In the late 1970s, Walt Disney Studios and its animation department was going through a decline under the supervision of Walt Disney’s son-in-law Ron Miller as well as the departure of animator Don Bluth who took several animators with him further delaying the production of The Fox and the Hound. Following a management shakeup in the early 80s and the commercial failure of The Black Cauldron, Roy E. Disney brought in Michael Eisner and Frank Wells as chairman and president, respectively while Jeffrey Katzenberg was brought in by Eisner to head its animation department. The film is about what Eisner, Wells, and Katzenberg did to help Disney resurrect itself following a period of decline as well as almost being bought by other forces that led to the Disney Renaissance from 1989 to the end of the 20th Century.
Using mostly archival and home video footage with some of the latter that was shot by future Pixar co-founder John Lasseter and animator Joe Ranft as well as archival audio interviews. Don Hahn, who was an animator and later a producer for some of the films that was part of the Disney Renaissance, would reveal exactly what was happening as well as some of the uneasy moments and tension that had occurred upon the arrival of Eisner leading the pack. Many of the animators as well as audio interviews from Eisner and Katzenberg revealed the state of what Disney was in as well as how slow things were. By the time The Little Mermaid turned things around where it was a massive success thanks in some part to the songwriting team of Howard Ashman and Alan Menken. Disney was also trying to experiment with new technology in digital animation where their first experiment in The Rescuers Down Under was a commercial failure yet it urge the animators and Katzenberg to push the boundaries more for Beauty and the Beast which became the company’s biggest success at the time.

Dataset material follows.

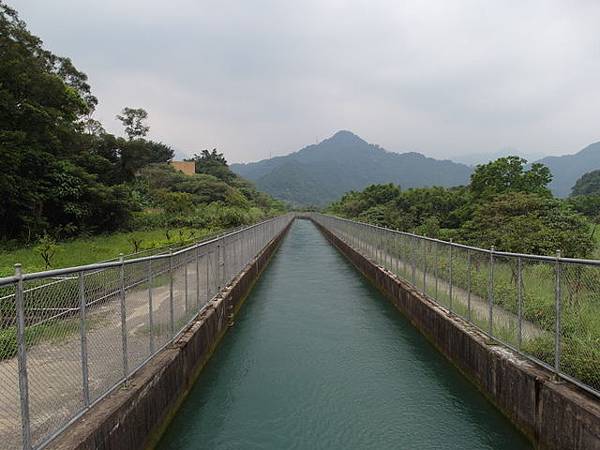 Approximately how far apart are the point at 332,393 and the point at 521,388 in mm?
3270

Despite the successes that were starting to emerge that would include Aladdin and The Lion King, there was this growing tension between Eisner, Roy E. Disney, and Katzenberg over management as the peacekeeper of the group had been Frank Wells and some said the beginning of the end of this period of rebuilding was when Wells died in a helicopter crash in April of 1994. Months later after not being chosen to succeed Wells as well as getting a lot of credit for making Disney Animation successful again. Katzenberg would resign just the day after The Lion King premiered despite the fact that he had just won the trust and adulation of the animators whom he had a testy relationship with at first.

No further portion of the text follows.